New Haven Register (New Haven, CT)
Shakespeare theater arsonist gets 10 years
BRIDGEPORT — A Stratford man, sentenced Friday to 10 years in prison for setting fires in four communities including the blaze that burned the American Shakespeare Theater to the ground, told the judge he wants to work as a welder when he is released.
“I want to take the bad and use it for good. I want to work on the buildings I destroyed,” said Christopher Sakowicz.
Supervisory Assistant State’s Attorney Howard Stein told Superior Court Judge Kevin Russo that while he supported the plea bargain, he is concerned about what would happen when Sakowicz gets out of prison.
“No sentence the court is going to impose is going to keep him incarcerated for the rest of his life, so he is going to come out of jail at some point. And when he does come out of jail he clearly has issues that need to be addressed,” the prosecutor said.
Sakowicz’s lawyer, Public Defender Joseph Bruckmann, told the judge his client has a long history of mental illness and had been sexually assaulted by two men when he was a child.
“He had issues that were beyond his control,” Bruckmann said.
According to a psychiatric report submitted to the judge, Sakowicz used to walk around with a lighter in his pocket just in case he was kidnapped.
The 20-year-old Sakowicz previously pleaded guilty to three counts of seconddegree arson and one count each of thirddegree arson and first-degree criminal mischief.
He had been charged with the Jan. 13, 2019, fire that destroyed the American Shakespeare Theater in Stratford; the Jan. 15, 2019, fire in a vacant building at the Southbury Training School; the Feb. 17, 2019, fire at the former Bilco Co. in West Haven; the March 9, 2019, fire at Good Earth Tree Care on Longbrook
Ave. in Stratford that destroyed a truck; and the March 24, 2019, fire that damaged construction trailers at Silver Sands State Park in Milford.
Stein agreed to drop his prosecution of Sakowicz in another fire, the Feb. 8, 2019, fire in a vacant house on Richards Place in West Haven, as part of the plea bargain.
In addition to the 10 years in prison,
Russo ordered Sakowicz placed on 15 years special parole and to undergo psychiatric treatment.
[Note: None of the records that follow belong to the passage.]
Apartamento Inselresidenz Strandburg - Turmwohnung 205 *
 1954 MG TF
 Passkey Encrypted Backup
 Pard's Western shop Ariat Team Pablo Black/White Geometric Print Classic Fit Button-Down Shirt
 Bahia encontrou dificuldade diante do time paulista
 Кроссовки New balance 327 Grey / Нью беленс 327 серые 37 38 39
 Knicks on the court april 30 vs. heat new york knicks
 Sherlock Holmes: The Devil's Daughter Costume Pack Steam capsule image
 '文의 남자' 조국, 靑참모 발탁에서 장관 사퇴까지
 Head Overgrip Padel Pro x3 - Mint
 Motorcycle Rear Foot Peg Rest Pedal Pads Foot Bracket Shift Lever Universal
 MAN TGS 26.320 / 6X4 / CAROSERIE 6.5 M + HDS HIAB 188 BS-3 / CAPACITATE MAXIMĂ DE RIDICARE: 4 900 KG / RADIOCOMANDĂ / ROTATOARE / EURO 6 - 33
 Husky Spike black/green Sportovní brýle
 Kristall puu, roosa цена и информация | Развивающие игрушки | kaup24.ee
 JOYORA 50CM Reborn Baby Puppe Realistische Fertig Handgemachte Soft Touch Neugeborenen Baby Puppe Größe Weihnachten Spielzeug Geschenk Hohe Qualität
“Although the productions ceased many years ago at the Shakespeare Theater, memories of those productions remain for many. Memories of youth and hope and poetry were erased by violence, and in doing so you placed in jeopardy the lives of first responders,” the judge told Sakowicz. “Your final act proved to be a senseless one that deserves a sentence proportioned to the loss.”
Sakowicz had been accused of setting the fires with two other teens, 19-year-old Vincent Keller and 18-year-old Logan Caraballo. Both of them are also facing arson charges, but are not considered as culpable in the fires as Sakowicz. They are awaiting trial.
Following the theater fire, police said the teens posted a video on SnapChat saying they set the fire. The video was circulated around Bunnell High School in Stratford, where both Sakowicz and Keller were seniors.
Police said Sakowicz later told them the teens had broken into the theater basement through an unlocked rear door and that he had lit the fire using gasoline he had brought with him. On the way out of the burning theater, Sakowicz told police he had grabbed a security alarm panel as a souvenir.
Sakowitz and Keller later rode their bicycles to the theater site to watch it burn, police said.